After an exhaustive search, I've not been able to determine modes for a _NON_rectangular room.
Specifically an "L" shaped room. More specifically, "L" shaped rooms that terminate in open hallways (no doors).
Realising of course, the calculations would have to stop at some point otherwise a fellow would be making calculations based on one entire floor of his house, he'd have to stop somewhere. 
Question is,...where would you stop, and how do you calculate an "L" shaped room? 
Basically, I'm looking for a DIY way to treat a room (decently) on a bit of a budget.


Bob


----------



## bpape (Sep 14, 2006)

Hey Bob.

Calculate each rectangle. You'll have those modes. Then calculate the combination of rectangles. You'll have those. In addition, you'll get odd tangentials and obliques that are basically impossible without ray tracing.

So, if you had an L, you'll have the front to back rectangle, just the L rectangle, the L plus the end of the main part rectangle. Hope that made sense...

Bryan


----------



## Bob in St. Louis (Oct 21, 2006)

Hey Bryan, thanks for responding. (and so quickly too!!:T )

No, Sorry I'm confused.
Check out the drawing. 
The top pic is the room.
The bottom two are variations on what I think you're talking about. The colors are red and yellow, but the yellow is totally missing from the scanner. (it's the only color highlighters I've got here at work)

"1" and "2" are the ideas, the letters represent the individual calculations.
Can you tell me which one is correct please.
Bob


----------



## basementjack (Sep 18, 2006)

Hey Bob, send me a PM and remind me,
and send me the exact measurements of the room, including height, and if that hallway goes far, send me the depth of that. 

I'll enter this into Cara this weekend and let it do the modeling.

I've been meaning to learn Cara better so this will be a good opportunity.


----------



## Bob in St. Louis (Oct 21, 2006)

Hey Jack, that'd be very cool! 
I'll get out the 'ol tape measure and give you some numbers this weekend.

Thanks:bigsmile: 
Bob


----------



## Bob in St. Louis (Oct 21, 2006)

Ok guys, here's a quick sketch of the floor plan (without being too **** retentive with the graph paper).
The lines are not to scale, but the measurements are pretty accurate.
The darker lines are "the sounds wave boundry lines" so to speak.
I may have given too much information and cluttered it up a bit, but here goes:










Thanks for your time and effort!:yes: 
Bob


----------



## bpape (Sep 14, 2006)

You'll get a combination of mode from the 21'3 x 21 area, 21x7'3, and 21'3x12 in axial modes. You'll also get a bit from the long hall down to the end but that will be somewhat muted. The fun comes with the tangentials and obliques.

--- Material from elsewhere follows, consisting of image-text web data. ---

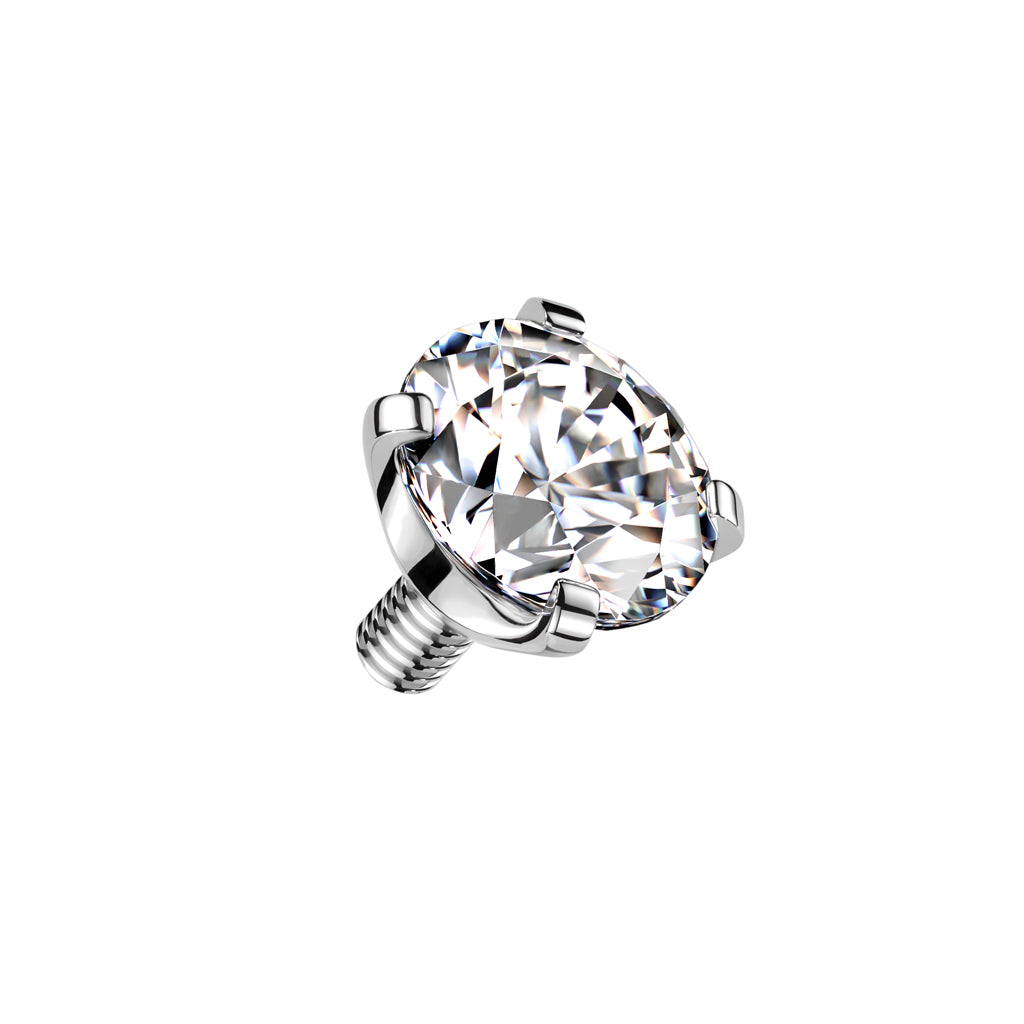 Light point gold 14Kt
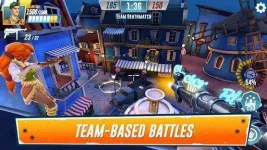 heroes-of-warland-pvp-shooter-arena_2.webp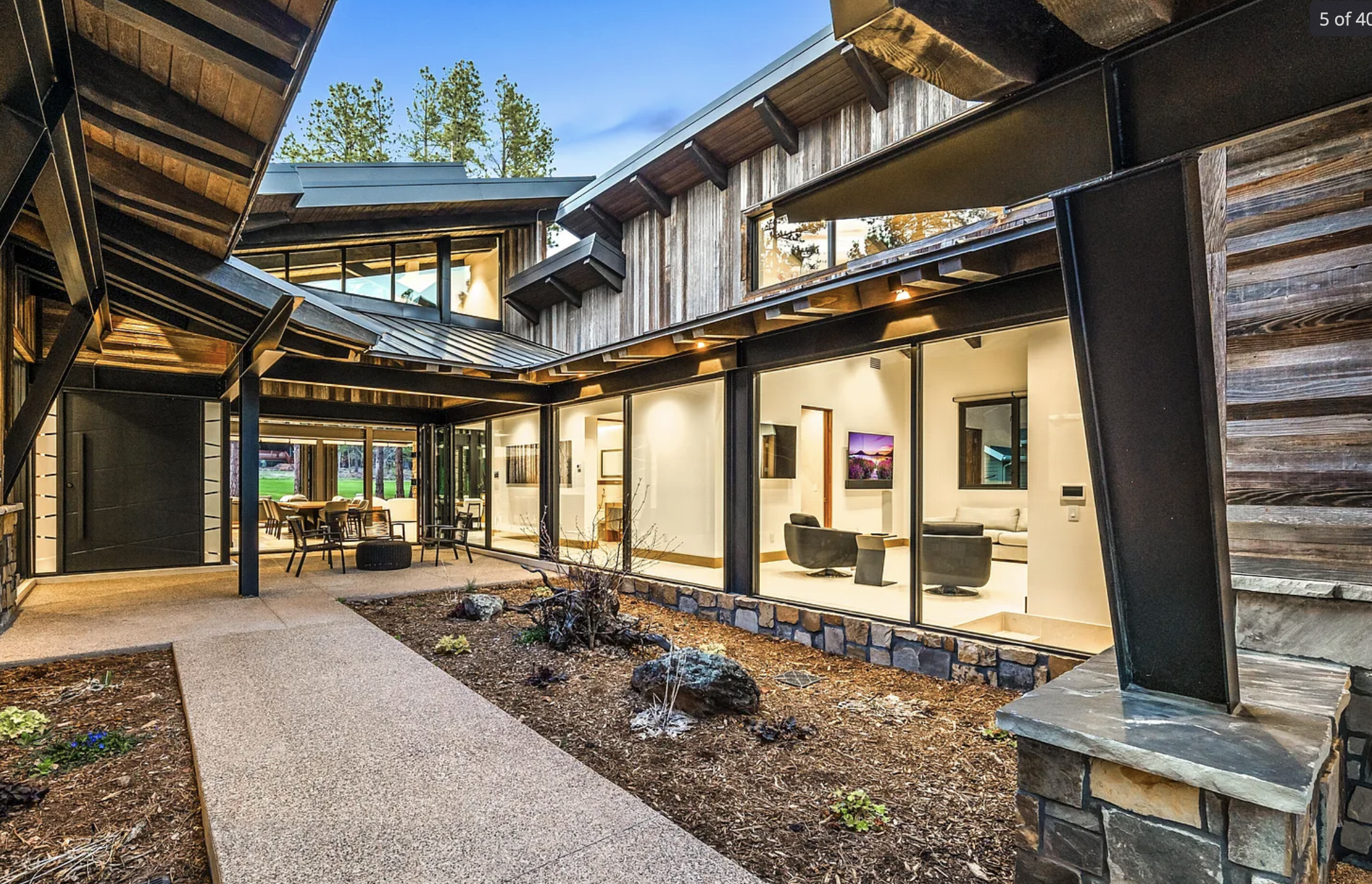 Screenshot 2024-11-06 at 9.27.59 AM.png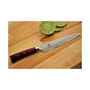 6" Utility Knife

I'll be interested to see what CARA does with this.

Bryan


----------



## basementjack (Sep 18, 2006)

Hey Bob, I'm working on the floor plan now - I've got 30 min between afternoon activites!


----------



## Bob in St. Louis (Oct 21, 2006)

bpape said:


> You'll get a combination of mode from the 21'3 x 21 area, 21x7'3, and 21'3x12 in axial modes. You'll also get a bit from the long hall down to the end but that will be somewhat muted. The fun comes with the tangentials and obliques.
> I'll be interested to see what CARA does with this.
> Bryan


Interesting for somebody that knows what the **** they're looking at!!:R 
Yea, it will be cool to see what recommendations are made.

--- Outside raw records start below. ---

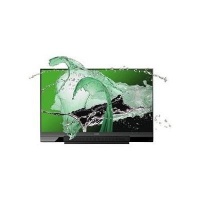 Mitsubishi Diamond Series WD-73838 73-Inch 3D DLP HDTV Mitsubishi Diamond Series WD-73838 73-Inch 3D DLP HDTV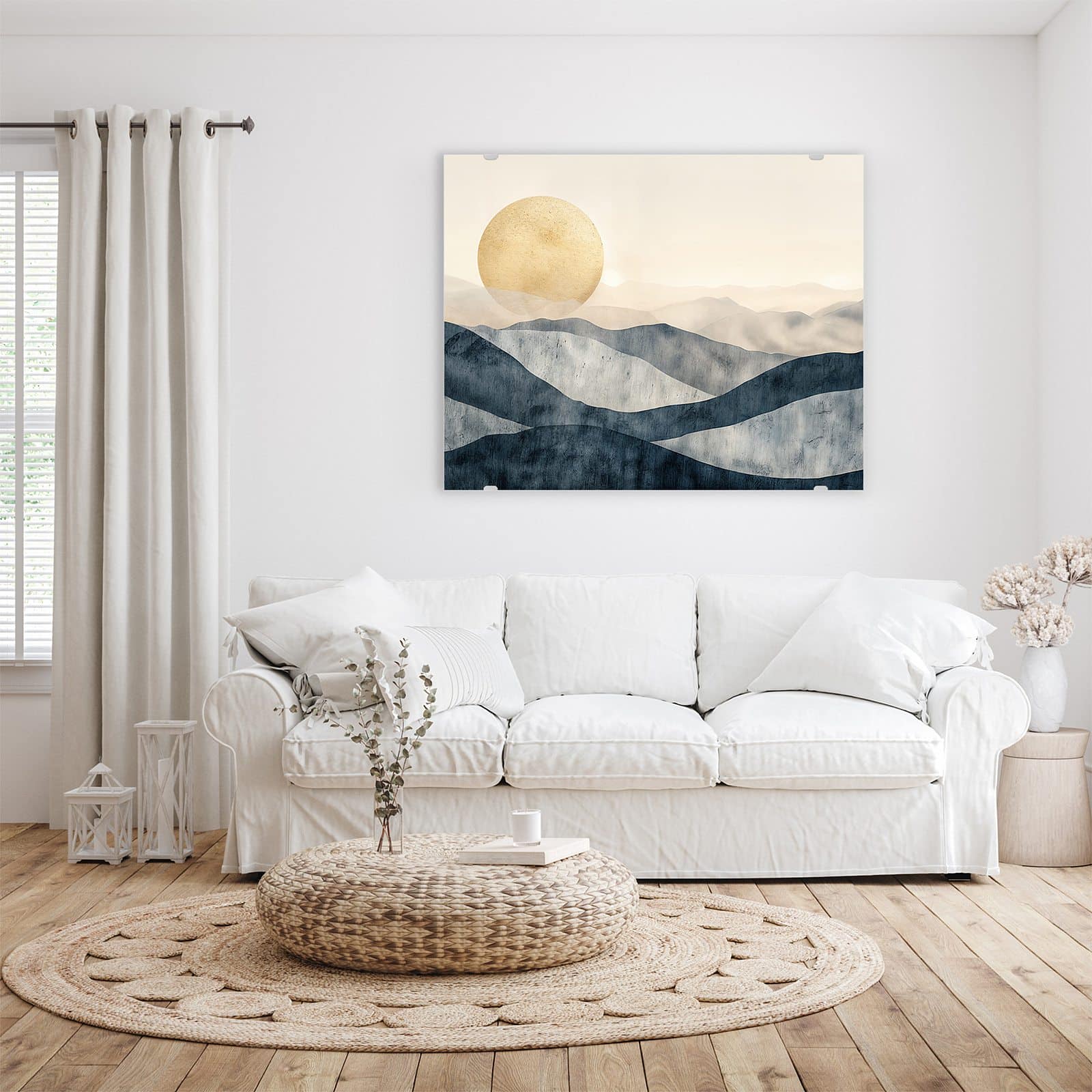 #grösse_75 x 60 cm #grösse_100 x 80 cm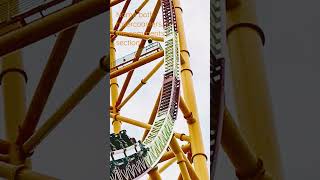 guess the coaster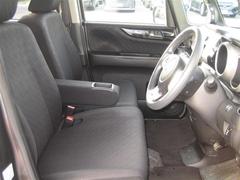 Ρݣ£ϣإ ḁ̇̄ѥåޡȥץå她ȡѥɥ 0102330A20250406T003 7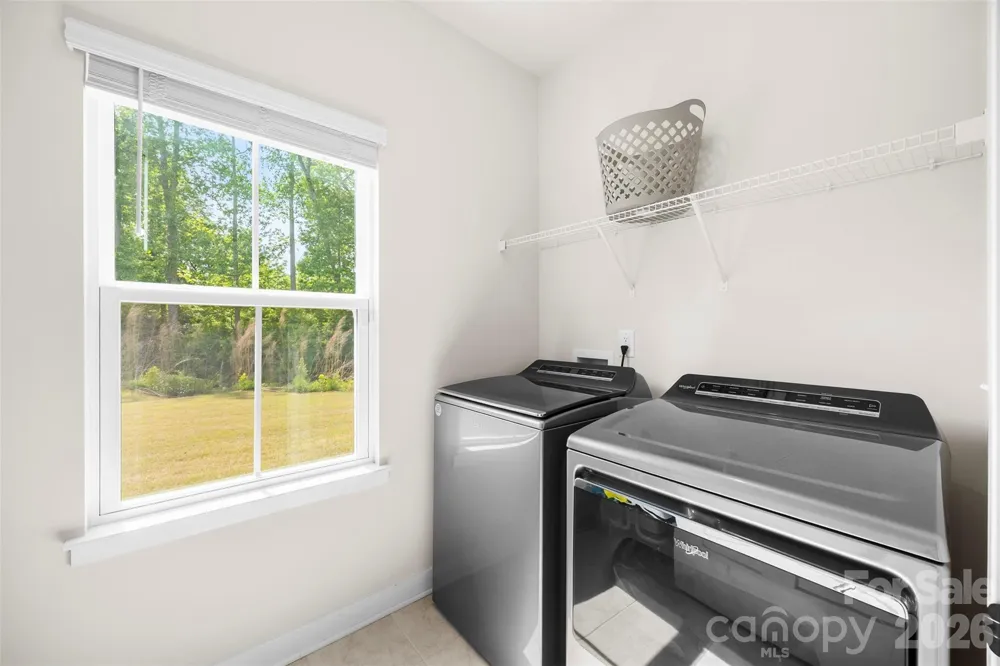 6325 Ashton Park Drive Denver, NC 28037
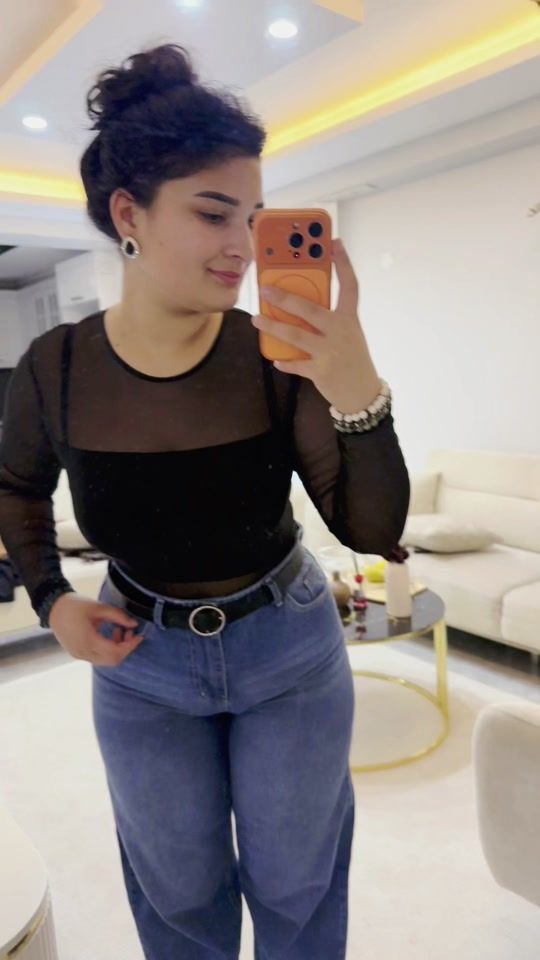 TikTok video thumbnail by samett02297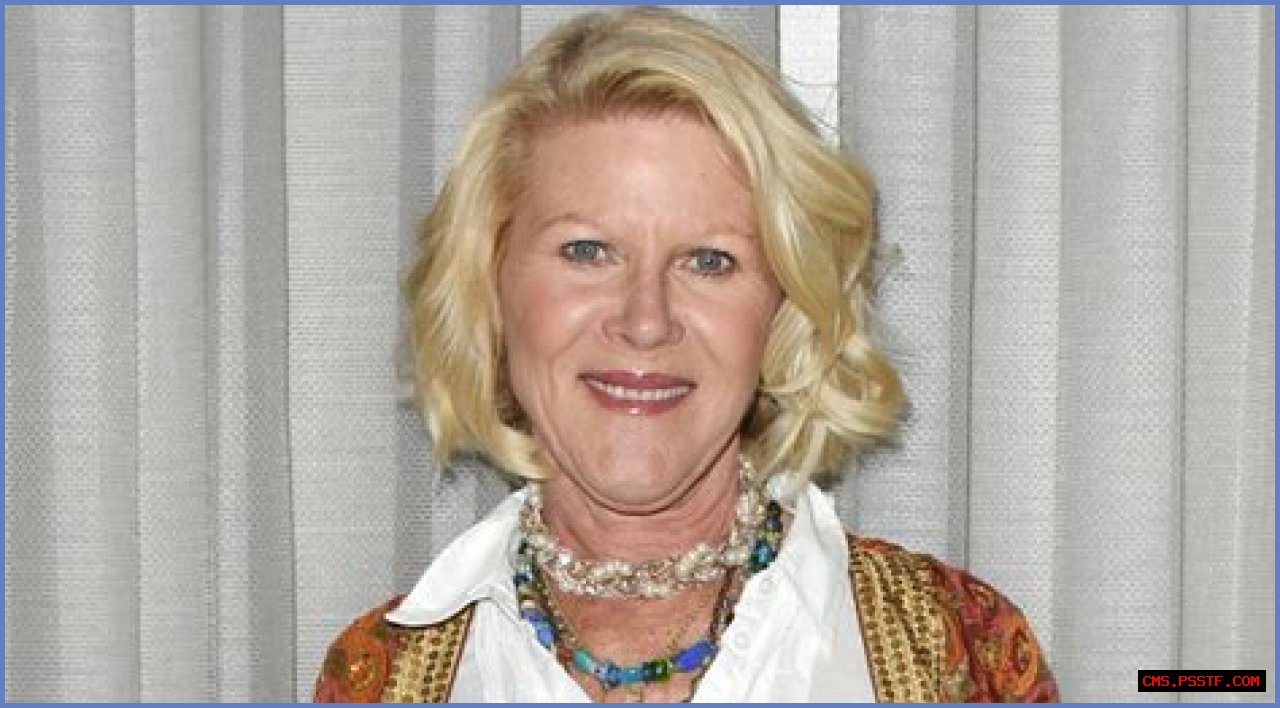 Alley Mills  Bio (Wiki) 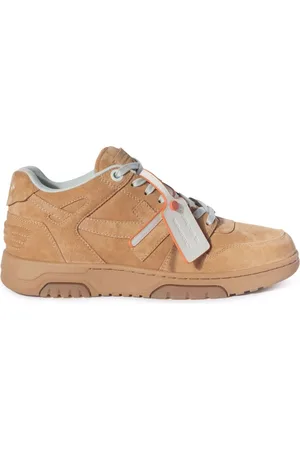 OFF-WHITE Out Of Office sneakers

Jack, no problem. Take your time. Thank you for doing this, I'll owe you one.:T 

Bob


----------



## Ethan Winer (Jul 21, 2006)

Bob,



> I've not been able to determine modes for a _NON_rectangular room ... Basically, I'm looking for a DIY way to treat a room (decently) on a bit of a budget.

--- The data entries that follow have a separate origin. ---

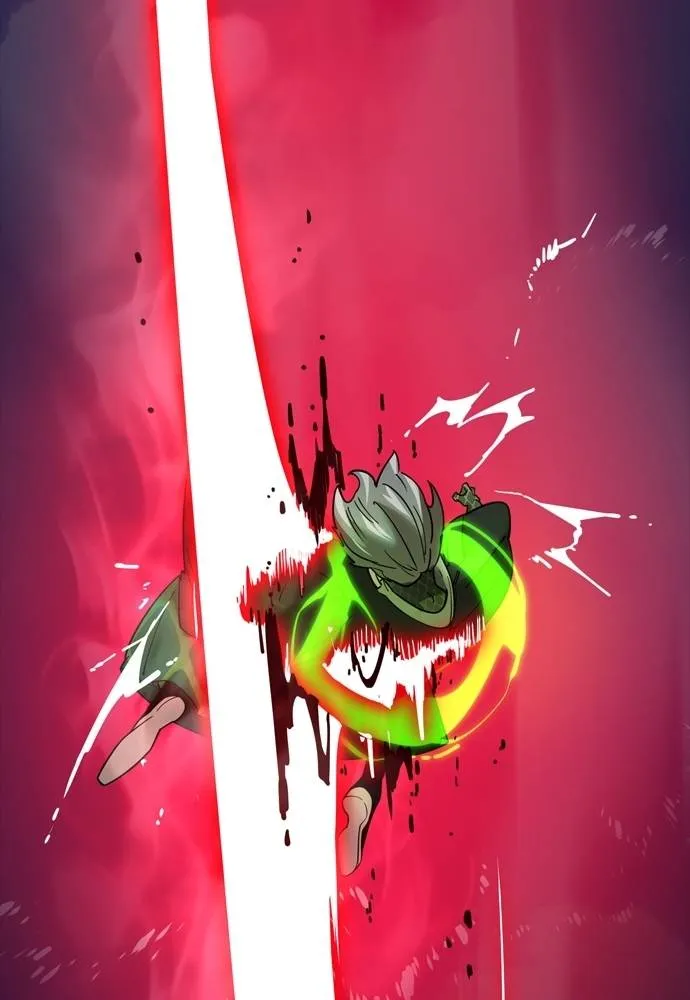 Reincarnation Path of The Underworld King ยอมรา ผู้พิพากษาจากนรก ตอนที่ 53 page 78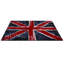 Saoirse Geometric Area Rug-61006469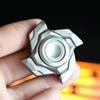 Открытый Гироскоп-Слайдер EDC Магнитный Слайдер для Снятия Стресса Подарок для Взрослых Портативная Игрушка для Снятия Тревожности Настольная Игрушка Подарок для Взрослого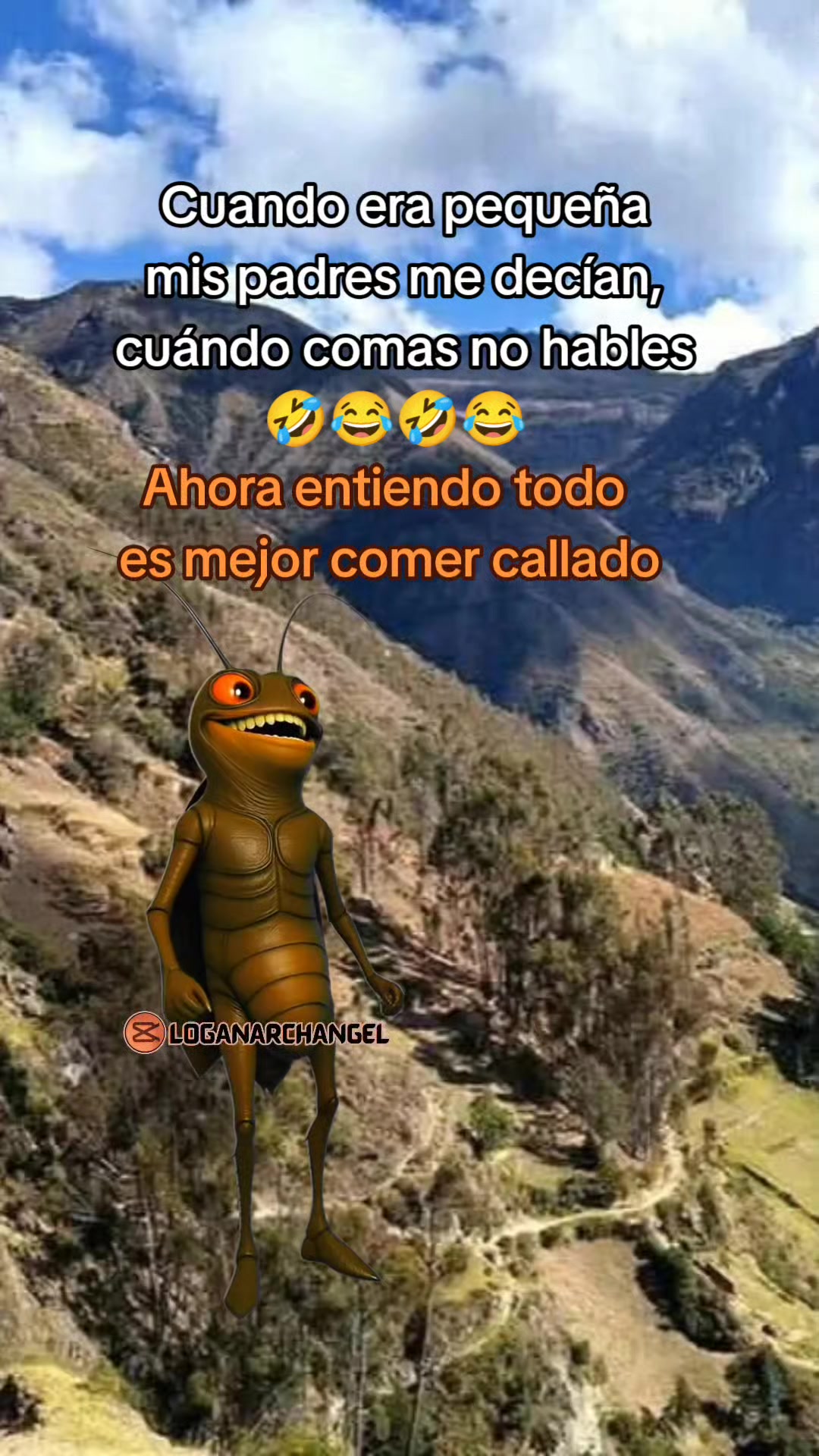 @Fanny Quispe❤️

You don't need a mode calculation to treat a room. That's useful only when designing a room where you have the chance to establish the dimensions. For an existing room you just treat it as usual. Here's my standard blurb about what all rooms need:

* Broadband (not tuned) bass traps straddling as many corners as you can manage, including the wall-ceiling corners.

* Mid/high frequency absorption at the first reflection points on the side walls and ceiling.

* Some additional amount of mid/high absorption and/or diffusion on any large areas of bare parallel surfaces, such as opposing walls or the ceiling if the floor is reflective.

Also, room mode calculations don't always tell you much useful anyway. Far better is to actually measure the room's response because then you know exactly what you have regardless of angles and "L" shapes etc. But you don't usually need to do that either.

--Ethan


----------



## Bob in St. Louis (Oct 21, 2006)

Ethan, Thank You for responding.
I've downloaded the tones and graphs from RealTraps (pretty cool place, you may have heard of it. :bigsmile: )
I ran the tones and charted my graph. I got peaks and valleys just like you'd expect. Now, as an acoustic newbee, "Now what". Do I buy a BFD and adjust the drivers, or do I treat the room.
I went with the room treatment as my next focus. I put some effort into the ceiling with the "creative use of drywall", and 2X2 USG tiles.

Here's a few pics to give an idea of where I'm at.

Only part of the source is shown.